Après une enfance dans un milieu modeste, il étudia la philosophie, avec notamment Jean Grenier, puis fréquenta l’atelier de Germaine Richier dans l’après-Seconde guerre mondiale. Installé en région parisienne depuis la fin des années 1950, Ladislas Kijno a, au fil des décennies, multiplié les vaporisations en peinture et s’est imposé comme l’un des maîtres de la technique dite du froissage. Sa rencontre avec Louis Aragon et Francis Ponge en 1943 l’a également amené à beaucoup œuvrer en collaboration avec des poètes. D’innombrables hommages habitent ses créations : Nicolas de Staël, Nelson Mandela, Galilée puis Gagarine ; mais encore les combats aux côtés des peuples algériens ou vietnamiens, mais aussi Tahiti, la Chine, l’île de Pâques.

Il a participé à la biennale de Venise en 1980. Dans les années 1990, il travaille à la rose du portail de Notre-Dame de la Treille de Lille. Elle sera achevée 9 ans plus tard… En 1991, un numéro de la revue L’Amateur d’Art lui a été en partie consacré, avec en particulier un entretien avec Jean-Pierre Thiollet, intitulé : « Ladislas Kijno : « Je suis un moine de l’Art ! » ». En 1996, Ladislas Kijno suggère à Monseigneur Vilnet, évêque de Lille, l’idée de dédier cette partie « moderne » de la crypte à un espace d’exposition d’œuvres contemporaines sur le thème de la Passion du Christ.
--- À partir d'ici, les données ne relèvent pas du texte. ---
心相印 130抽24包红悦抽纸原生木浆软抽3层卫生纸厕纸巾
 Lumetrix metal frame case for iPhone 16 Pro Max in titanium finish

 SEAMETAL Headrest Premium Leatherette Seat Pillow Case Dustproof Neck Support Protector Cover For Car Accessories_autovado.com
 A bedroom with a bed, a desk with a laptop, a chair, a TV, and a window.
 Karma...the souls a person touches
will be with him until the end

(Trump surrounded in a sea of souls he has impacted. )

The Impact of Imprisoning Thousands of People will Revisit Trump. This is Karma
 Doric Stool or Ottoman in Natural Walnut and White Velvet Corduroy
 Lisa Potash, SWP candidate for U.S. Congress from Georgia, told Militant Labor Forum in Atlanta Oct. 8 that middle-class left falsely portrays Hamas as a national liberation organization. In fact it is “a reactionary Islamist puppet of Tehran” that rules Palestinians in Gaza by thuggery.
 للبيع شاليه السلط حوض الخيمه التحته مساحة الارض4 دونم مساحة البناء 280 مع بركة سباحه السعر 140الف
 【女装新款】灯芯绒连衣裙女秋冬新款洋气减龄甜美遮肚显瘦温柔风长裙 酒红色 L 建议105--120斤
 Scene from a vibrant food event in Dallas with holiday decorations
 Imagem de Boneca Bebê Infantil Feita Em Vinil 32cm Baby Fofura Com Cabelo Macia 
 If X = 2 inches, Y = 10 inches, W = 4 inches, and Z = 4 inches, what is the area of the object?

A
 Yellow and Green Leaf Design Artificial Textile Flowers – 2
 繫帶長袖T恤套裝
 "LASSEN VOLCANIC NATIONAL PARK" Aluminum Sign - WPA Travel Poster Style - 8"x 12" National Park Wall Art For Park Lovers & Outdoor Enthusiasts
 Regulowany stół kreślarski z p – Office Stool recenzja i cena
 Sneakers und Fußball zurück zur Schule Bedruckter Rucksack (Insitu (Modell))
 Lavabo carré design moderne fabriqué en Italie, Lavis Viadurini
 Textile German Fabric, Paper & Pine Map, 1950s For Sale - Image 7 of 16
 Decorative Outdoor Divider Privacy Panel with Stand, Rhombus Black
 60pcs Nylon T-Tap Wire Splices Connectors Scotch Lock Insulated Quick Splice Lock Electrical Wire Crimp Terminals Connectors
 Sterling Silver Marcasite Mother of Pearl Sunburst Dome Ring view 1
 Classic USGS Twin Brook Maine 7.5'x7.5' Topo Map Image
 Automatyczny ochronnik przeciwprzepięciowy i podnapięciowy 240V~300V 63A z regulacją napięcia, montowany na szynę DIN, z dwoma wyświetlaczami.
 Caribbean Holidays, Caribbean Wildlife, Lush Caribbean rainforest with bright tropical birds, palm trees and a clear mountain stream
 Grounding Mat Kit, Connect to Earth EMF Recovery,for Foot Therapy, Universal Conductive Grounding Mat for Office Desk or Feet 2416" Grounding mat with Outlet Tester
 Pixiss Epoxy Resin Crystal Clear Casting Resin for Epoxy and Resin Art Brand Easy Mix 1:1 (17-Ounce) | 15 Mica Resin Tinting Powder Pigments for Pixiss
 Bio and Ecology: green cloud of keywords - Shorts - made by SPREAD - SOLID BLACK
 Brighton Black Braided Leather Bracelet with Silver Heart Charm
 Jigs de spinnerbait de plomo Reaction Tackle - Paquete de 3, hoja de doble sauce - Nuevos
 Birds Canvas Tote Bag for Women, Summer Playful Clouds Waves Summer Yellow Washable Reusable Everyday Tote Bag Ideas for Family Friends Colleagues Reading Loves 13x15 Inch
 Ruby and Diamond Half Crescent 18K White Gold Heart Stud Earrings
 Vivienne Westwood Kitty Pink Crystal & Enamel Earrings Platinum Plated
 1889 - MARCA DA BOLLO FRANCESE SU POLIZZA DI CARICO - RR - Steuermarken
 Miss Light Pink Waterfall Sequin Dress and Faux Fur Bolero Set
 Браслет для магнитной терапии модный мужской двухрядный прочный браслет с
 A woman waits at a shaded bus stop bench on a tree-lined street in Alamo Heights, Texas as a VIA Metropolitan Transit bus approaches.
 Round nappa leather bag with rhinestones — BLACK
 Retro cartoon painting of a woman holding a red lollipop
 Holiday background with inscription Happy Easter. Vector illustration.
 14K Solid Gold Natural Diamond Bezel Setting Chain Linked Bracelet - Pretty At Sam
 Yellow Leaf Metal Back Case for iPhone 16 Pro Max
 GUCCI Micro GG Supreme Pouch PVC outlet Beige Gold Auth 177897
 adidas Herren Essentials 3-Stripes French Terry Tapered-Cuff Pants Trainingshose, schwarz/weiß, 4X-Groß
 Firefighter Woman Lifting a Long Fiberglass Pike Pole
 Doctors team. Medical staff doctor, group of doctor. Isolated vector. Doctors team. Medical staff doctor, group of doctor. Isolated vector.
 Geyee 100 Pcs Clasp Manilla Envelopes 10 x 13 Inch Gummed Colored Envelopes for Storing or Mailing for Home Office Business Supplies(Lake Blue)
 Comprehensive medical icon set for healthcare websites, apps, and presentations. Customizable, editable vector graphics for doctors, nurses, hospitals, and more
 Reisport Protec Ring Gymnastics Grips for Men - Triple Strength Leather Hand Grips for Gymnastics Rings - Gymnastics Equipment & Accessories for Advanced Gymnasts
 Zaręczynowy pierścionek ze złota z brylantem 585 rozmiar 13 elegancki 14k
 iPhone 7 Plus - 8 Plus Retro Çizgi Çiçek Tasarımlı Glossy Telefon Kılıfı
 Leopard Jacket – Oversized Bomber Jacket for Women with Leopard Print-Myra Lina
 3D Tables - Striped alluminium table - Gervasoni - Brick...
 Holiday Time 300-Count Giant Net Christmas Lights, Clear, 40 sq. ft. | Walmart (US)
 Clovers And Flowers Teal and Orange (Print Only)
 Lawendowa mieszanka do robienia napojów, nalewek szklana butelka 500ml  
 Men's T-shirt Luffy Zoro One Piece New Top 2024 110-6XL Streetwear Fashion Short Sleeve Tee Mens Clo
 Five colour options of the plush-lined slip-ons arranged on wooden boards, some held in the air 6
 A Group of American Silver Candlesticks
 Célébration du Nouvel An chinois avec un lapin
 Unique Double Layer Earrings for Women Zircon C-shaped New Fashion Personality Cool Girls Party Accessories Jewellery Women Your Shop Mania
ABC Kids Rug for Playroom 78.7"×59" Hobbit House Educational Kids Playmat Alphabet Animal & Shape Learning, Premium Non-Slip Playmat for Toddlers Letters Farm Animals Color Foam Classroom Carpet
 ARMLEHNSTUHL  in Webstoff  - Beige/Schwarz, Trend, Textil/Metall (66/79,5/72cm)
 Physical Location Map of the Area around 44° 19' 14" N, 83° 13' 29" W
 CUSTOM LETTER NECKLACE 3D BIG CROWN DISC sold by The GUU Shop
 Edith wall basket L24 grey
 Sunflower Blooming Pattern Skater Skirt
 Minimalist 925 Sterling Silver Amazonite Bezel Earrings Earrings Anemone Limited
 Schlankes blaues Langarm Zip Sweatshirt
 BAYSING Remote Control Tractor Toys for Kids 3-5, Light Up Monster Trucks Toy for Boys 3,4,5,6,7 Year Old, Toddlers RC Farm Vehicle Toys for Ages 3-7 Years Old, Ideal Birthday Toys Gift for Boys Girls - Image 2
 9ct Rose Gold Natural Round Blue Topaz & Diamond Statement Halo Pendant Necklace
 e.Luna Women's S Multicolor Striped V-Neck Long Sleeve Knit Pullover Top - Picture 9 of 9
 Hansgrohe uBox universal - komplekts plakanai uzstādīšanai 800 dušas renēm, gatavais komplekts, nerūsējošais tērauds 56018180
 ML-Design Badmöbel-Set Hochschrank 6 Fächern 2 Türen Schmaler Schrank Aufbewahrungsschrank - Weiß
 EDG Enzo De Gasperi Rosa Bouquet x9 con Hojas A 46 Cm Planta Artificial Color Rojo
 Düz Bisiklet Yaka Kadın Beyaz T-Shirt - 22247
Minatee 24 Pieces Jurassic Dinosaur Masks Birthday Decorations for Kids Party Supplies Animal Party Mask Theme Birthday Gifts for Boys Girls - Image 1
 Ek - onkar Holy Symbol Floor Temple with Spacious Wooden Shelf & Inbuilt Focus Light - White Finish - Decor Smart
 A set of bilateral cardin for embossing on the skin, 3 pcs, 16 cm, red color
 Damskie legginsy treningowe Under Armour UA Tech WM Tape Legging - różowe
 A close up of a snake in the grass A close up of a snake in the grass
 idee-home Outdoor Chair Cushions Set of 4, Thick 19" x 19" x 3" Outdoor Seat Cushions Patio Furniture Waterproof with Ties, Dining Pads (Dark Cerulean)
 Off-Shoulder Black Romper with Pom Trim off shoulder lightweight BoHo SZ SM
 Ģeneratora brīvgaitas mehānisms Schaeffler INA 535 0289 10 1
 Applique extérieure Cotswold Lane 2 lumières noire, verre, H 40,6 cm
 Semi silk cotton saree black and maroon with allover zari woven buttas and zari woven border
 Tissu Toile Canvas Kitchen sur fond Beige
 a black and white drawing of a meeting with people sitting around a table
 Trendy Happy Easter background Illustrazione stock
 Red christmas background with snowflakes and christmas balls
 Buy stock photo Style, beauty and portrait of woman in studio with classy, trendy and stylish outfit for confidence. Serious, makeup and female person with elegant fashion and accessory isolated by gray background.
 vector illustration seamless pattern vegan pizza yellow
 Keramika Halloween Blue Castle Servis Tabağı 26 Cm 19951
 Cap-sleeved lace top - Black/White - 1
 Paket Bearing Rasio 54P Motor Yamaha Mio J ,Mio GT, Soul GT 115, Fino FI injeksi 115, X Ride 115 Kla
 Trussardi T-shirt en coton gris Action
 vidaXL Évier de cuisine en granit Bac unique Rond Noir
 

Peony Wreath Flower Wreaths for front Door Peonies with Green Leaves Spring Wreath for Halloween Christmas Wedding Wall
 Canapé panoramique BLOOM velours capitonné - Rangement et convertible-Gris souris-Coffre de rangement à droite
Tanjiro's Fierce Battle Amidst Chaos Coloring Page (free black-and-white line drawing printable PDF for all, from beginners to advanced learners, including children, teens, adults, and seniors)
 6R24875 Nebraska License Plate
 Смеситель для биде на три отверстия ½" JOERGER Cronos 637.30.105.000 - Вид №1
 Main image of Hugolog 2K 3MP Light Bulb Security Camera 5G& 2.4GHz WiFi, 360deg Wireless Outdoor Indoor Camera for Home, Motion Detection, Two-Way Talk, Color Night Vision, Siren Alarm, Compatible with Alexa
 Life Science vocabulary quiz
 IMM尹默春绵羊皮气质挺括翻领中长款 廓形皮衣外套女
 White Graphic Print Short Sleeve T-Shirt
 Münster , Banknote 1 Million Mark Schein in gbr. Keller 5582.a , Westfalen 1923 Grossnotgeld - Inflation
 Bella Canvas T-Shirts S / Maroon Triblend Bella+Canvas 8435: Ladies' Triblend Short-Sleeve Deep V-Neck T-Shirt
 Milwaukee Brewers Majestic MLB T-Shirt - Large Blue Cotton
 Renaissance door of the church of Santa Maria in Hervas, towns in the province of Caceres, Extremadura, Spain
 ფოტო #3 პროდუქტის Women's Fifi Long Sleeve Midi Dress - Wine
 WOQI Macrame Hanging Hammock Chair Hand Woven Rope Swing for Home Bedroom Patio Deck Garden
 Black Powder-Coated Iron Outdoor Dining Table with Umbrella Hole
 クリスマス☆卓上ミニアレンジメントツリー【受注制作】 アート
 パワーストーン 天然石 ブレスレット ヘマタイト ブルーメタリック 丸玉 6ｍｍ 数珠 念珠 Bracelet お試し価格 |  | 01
Sept années plus tard, le Centre d’art sacré contemporain voit le jour, grâce au soutien du Conseil Régional et de l’association pour la Rénovation du site de la Treille à l’origine de la façade actuelle, accueillant environ une cinquantaine d’œuvres de la Collection Delaine.
Inauguré le 7 décembre 2003, au lendemain du lancement officiel de « Lille 2004, Capitale européenne de la culture » et dans le cadre de la célébration – anniversaire – des 90 ans du diocèse de Lille, il accueilllera quelques grands noms de la création artistique contemporaine : Georg Baselitz, Lucio Fontana, Robert Combas, Kijno ou Andy Warhol.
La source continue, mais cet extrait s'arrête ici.